RECORDS –
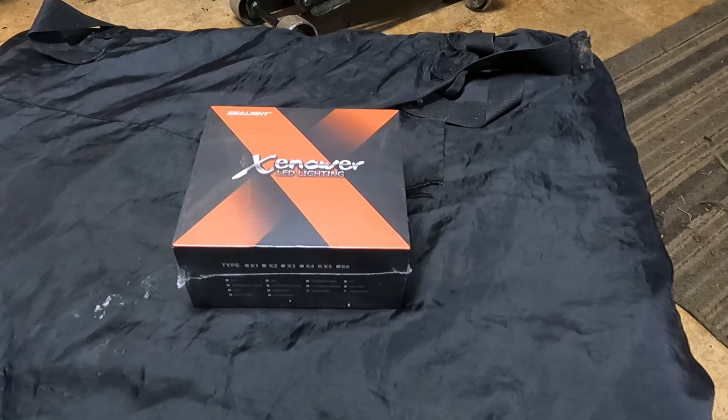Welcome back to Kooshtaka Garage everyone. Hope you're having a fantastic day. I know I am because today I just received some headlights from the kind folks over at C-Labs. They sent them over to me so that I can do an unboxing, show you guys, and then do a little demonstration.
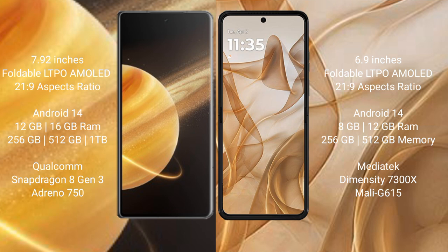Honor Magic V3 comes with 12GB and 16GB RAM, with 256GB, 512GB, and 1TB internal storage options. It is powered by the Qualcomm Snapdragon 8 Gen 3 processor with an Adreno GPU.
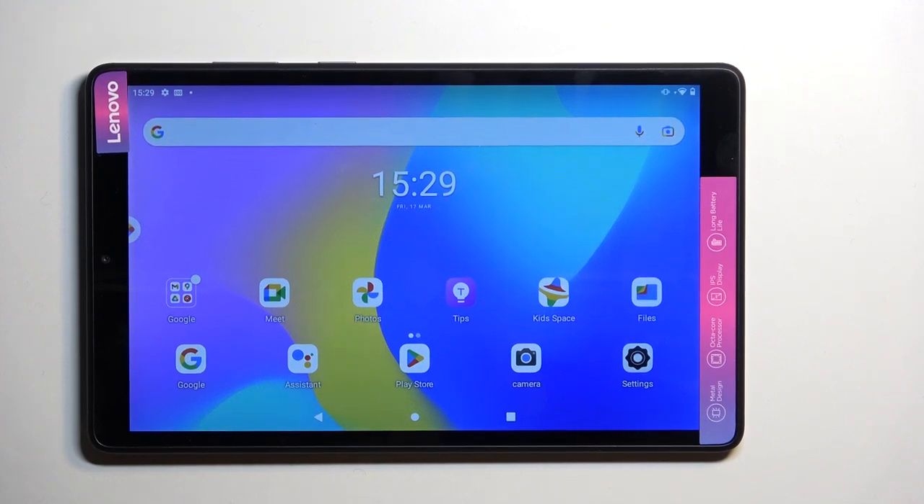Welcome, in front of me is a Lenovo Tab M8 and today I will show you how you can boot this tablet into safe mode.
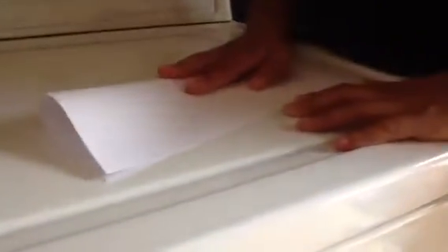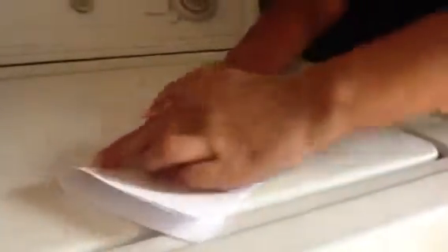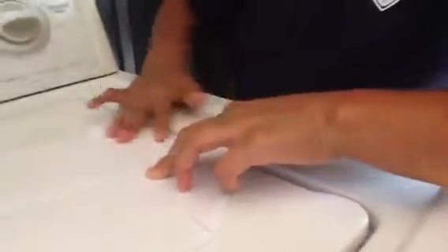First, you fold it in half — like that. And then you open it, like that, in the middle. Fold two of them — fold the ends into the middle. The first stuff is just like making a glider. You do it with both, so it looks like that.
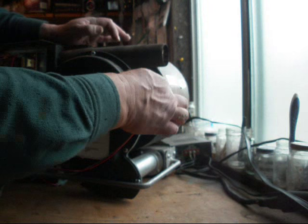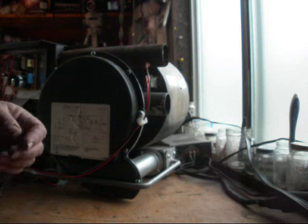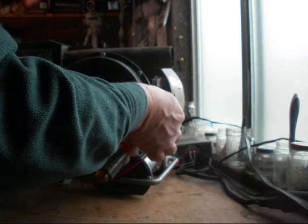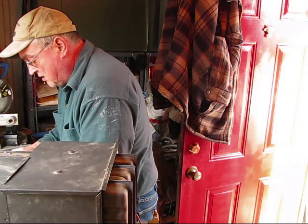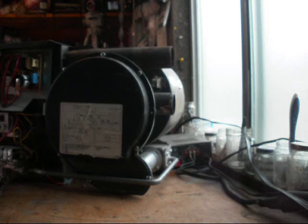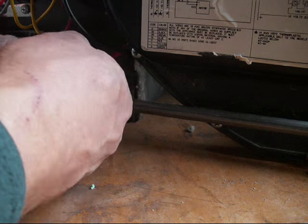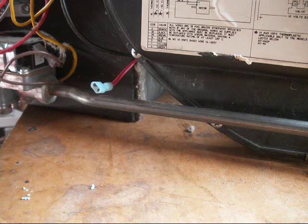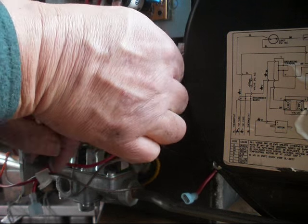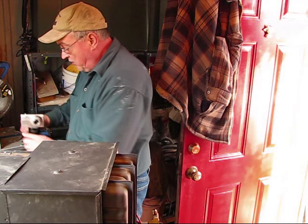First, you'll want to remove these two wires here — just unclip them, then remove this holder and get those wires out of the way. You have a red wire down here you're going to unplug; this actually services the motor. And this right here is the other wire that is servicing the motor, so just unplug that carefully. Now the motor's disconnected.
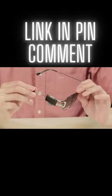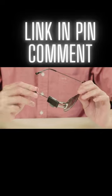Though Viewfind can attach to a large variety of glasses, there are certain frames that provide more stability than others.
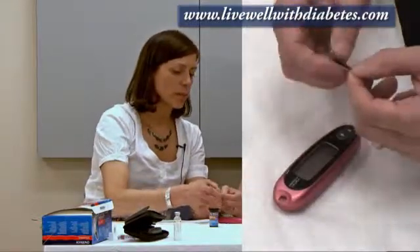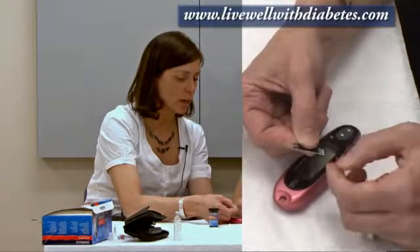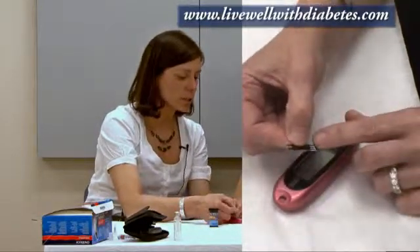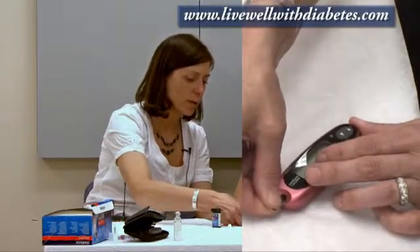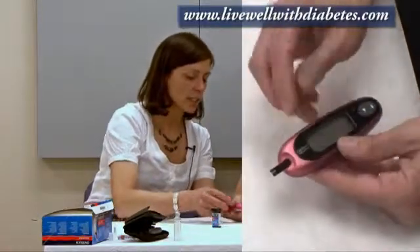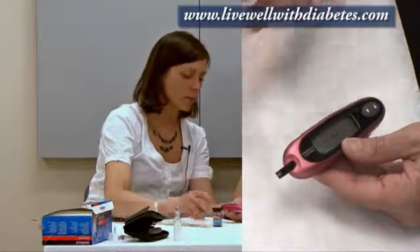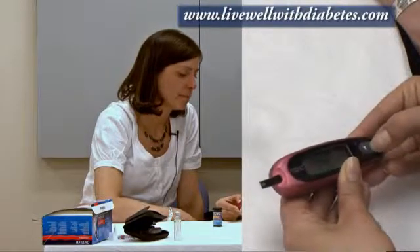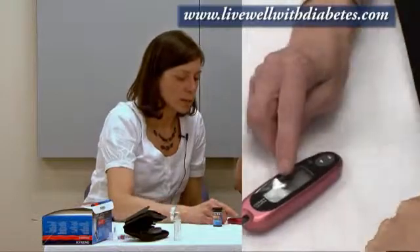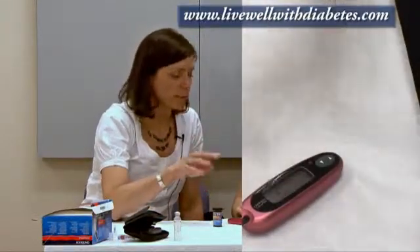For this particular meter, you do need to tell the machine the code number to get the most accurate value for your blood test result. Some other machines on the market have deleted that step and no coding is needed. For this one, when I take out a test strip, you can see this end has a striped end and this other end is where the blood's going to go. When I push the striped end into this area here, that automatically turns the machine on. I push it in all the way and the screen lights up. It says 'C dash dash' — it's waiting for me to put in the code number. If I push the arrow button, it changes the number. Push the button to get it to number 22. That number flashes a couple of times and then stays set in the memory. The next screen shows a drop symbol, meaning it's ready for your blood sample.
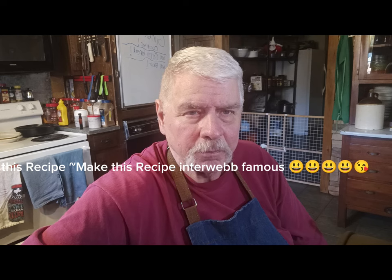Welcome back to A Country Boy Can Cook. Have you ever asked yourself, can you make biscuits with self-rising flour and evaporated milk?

...

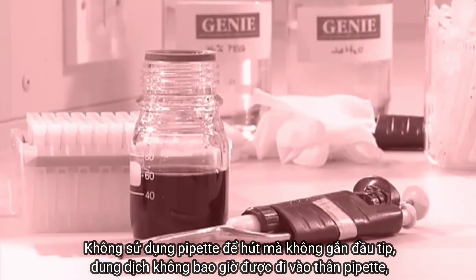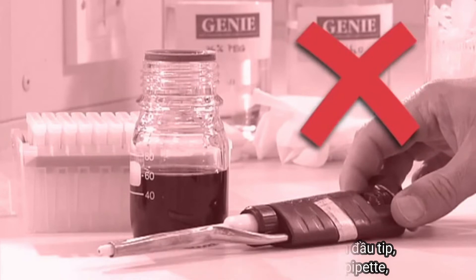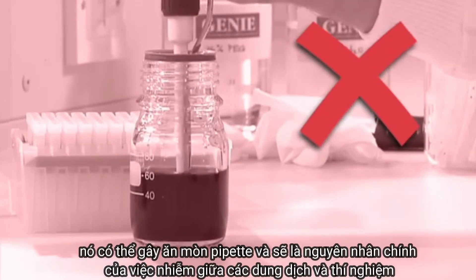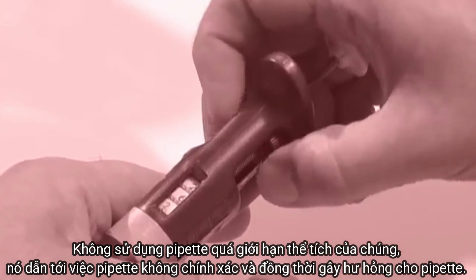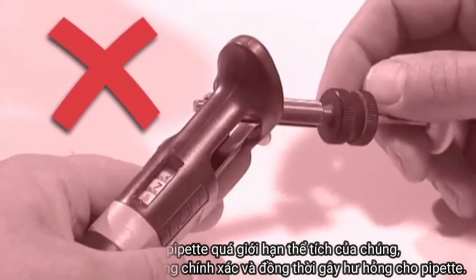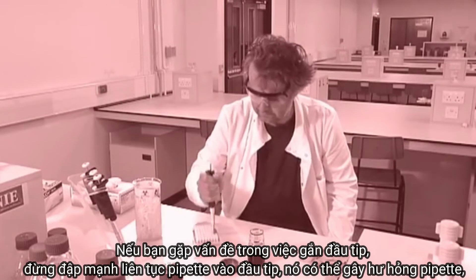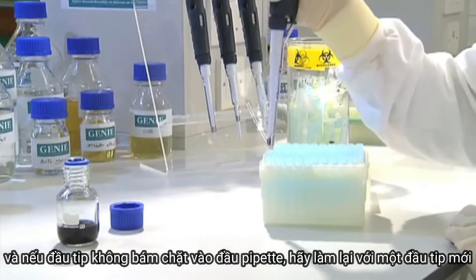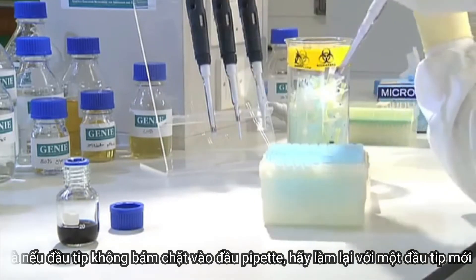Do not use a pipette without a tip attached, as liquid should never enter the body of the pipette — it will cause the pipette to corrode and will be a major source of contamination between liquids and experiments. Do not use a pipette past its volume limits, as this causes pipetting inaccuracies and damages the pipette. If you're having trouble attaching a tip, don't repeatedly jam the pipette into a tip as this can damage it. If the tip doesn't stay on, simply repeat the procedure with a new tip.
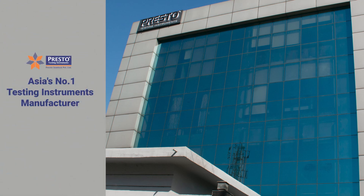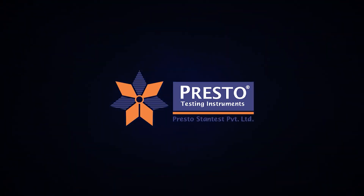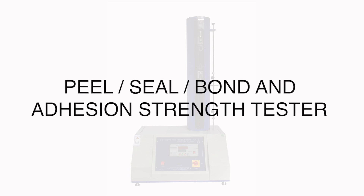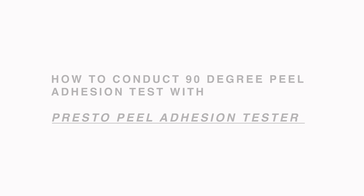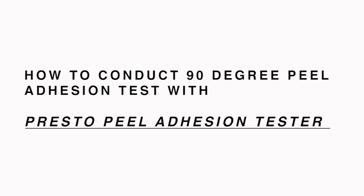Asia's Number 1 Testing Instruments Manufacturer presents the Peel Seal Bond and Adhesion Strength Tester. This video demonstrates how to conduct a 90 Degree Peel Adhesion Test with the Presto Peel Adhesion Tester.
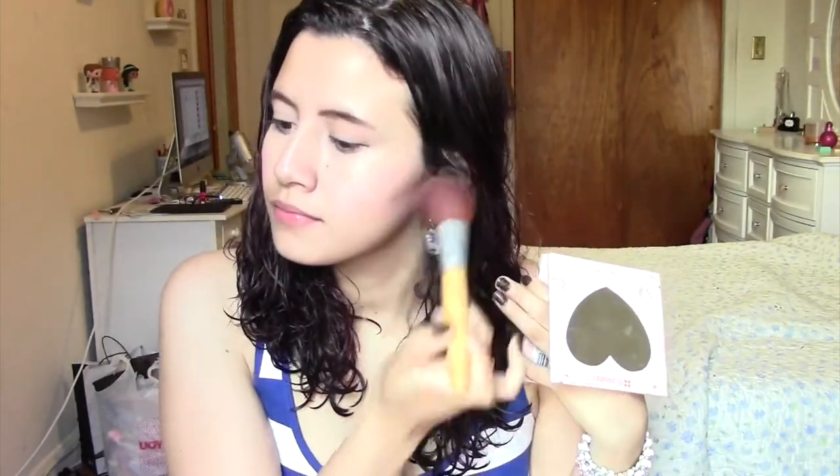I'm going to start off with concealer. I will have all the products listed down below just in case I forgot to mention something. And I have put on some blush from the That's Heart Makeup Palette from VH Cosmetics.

EXERCISE DESCRIPTION –
What you need to produce is an exact copy of the entries above, limited to the lines from the one with "First, you'll want" up to and including the one with "Though Viewfind can", without pictures.

WRITTEN REPLY –
First, you'll want to remove these two wires here — just unclip them, then remove this holder and get those wires out of the way. You have a red wire down here you're going to unplug; this actually services the motor. And this right here is the other wire that is servicing the motor, so just unplug that carefully. Now the motor's disconnected.
Though Viewfind can attach to a large variety of glasses, there are certain frames that provide more stability than others.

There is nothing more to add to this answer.